The talit is a square piece of material armor: each corner having “5” double knots with windings between them that progressively culminate with “13” windings. When taken as a square, we arrive at the geometric progression “52” (13 X 4). Therefore, the unspoken name of G-d (“26”) is contained within “13” and “52” (13:26::26:52) of the geometric progression. Each half of the talit has two corners equating “26” windings (13 X 2), representing the Tetragrammation for “Adonai,” and the “10” double knots (5 X 2) representing the ten Sefirot of the Tree of Life. This is duplicated in the other half of the talit, representing divine mediation of the double “26” or the geometric progression 26::26. This double geometric progression represents the spatial co-existence of the Upper and Lower Worlds, as we learned in my treatise Judaism, Kabbalah and Reincarnation, Part II, they are "companioned."

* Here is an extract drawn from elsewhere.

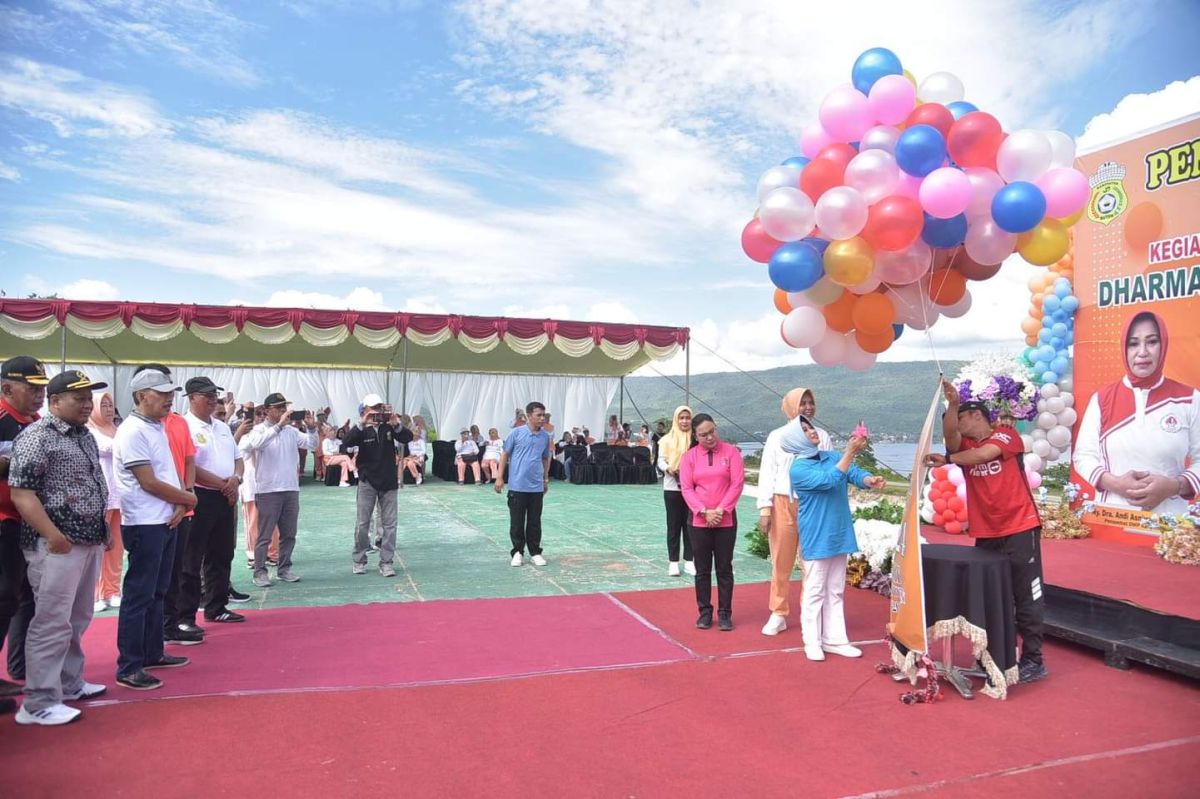 HUT DWP dan Hari Ibu Pemkab Buton Gelar Senam Kreasi HUT DWP dan Hari Ibu Pemkab Buton Gelar Senam Kreasi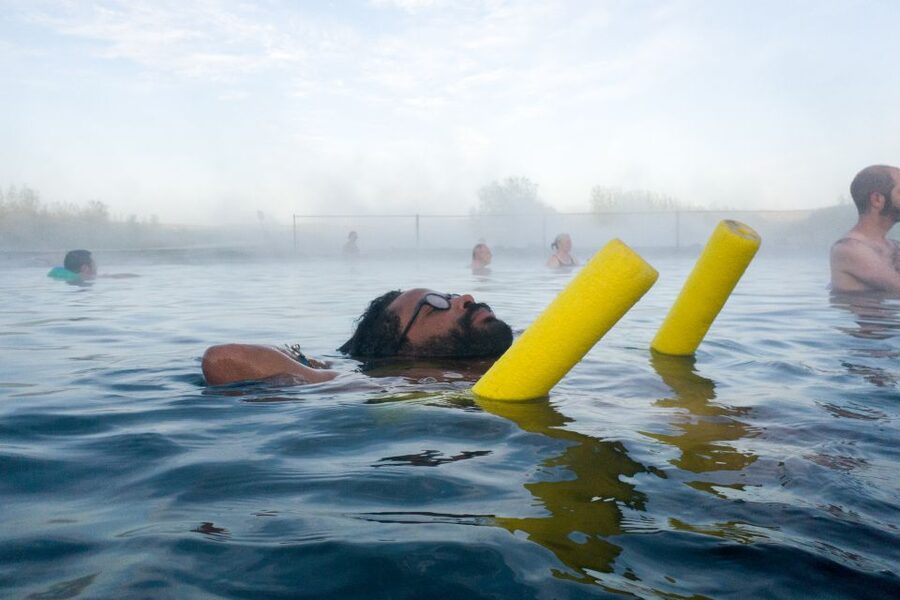Iceland Secret Lagoon Admission Ticket - Crowds: why it feels calm even when it’s not empty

When we gather the tzitzit and bring the four corners together in the form of two pairs from each half of the talit, we wind up with “20” (10 X 2) double knots plus the two paired corners of the tzitzit (20 + 2) to form the “22” paths that connect the letters that make up the Hebrew alphabet.

Therefore, the expression “we not only walk with G-d, we contain G-d” is accomplished by wrapping ourselves in the talit katan and especially the talit gadol (prayer shawl). We are able to say this because the numerical value of the tzitzit represent the unspoken name of G-d in the Upper and Lower Worlds (“26::26”), all the letters of the Hebrew alphabet and their combinations (the Torah) through the paths of the talit (“22”), the highest definition of the Ish (“13”), all the descendants of our father Israel (“13”), and the number of the Messiah ben-Yosef (“13”). This is why the talit is treated with such respect and reverence because it is the complete Kabbalistic symbol of our covenantal, cosmic destiny. Viewed in its proper perspective, the talit is one of the most powerful instruments of the expression of the Jewish faith.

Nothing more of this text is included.